━━ LISTED RECORDS ━━

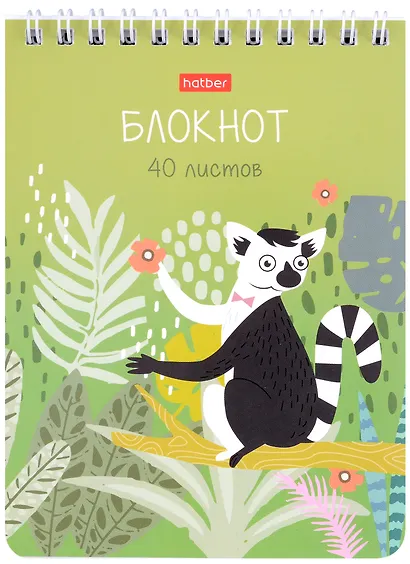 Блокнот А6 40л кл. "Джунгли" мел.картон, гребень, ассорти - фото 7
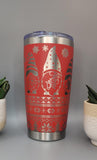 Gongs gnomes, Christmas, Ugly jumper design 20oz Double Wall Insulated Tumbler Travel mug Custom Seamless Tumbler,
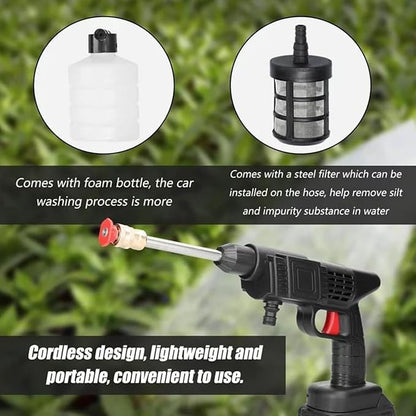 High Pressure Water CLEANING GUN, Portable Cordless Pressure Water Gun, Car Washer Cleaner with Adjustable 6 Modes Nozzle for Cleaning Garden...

━━━
━━ LISTED RECORDS ━━

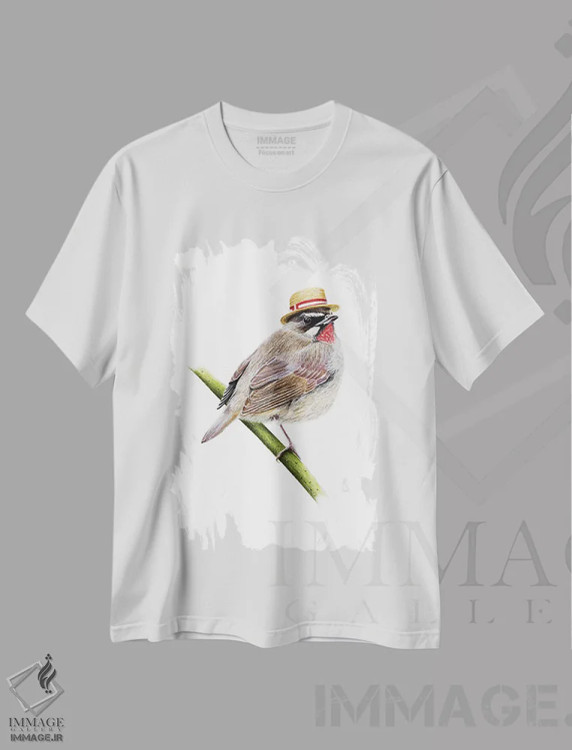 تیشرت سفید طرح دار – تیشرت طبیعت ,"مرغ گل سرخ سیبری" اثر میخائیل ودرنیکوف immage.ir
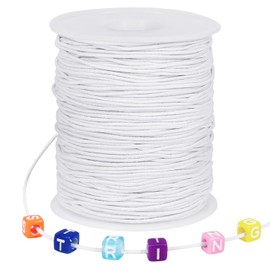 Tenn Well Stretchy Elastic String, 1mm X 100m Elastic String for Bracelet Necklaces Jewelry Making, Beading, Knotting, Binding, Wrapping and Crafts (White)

━━━

# [TASK BRIEF]
Among the entries above, copy exactly the stretch from the line holding "Блокнот А6 40л" through the line holding "Gongs gnomes, Christmas, Ugly", leaving out any pictures.

# [ANSWER TO THE EXERCISE]
 Блокнот А6 40л кл. "Джунгли" мел.картон, гребень, ассорти - фото 7
 Gongs gnomes, Christmas, Ugly jumper design 20oz Double Wall Insulated Tumbler Travel mug Custom Seamless Tumbler,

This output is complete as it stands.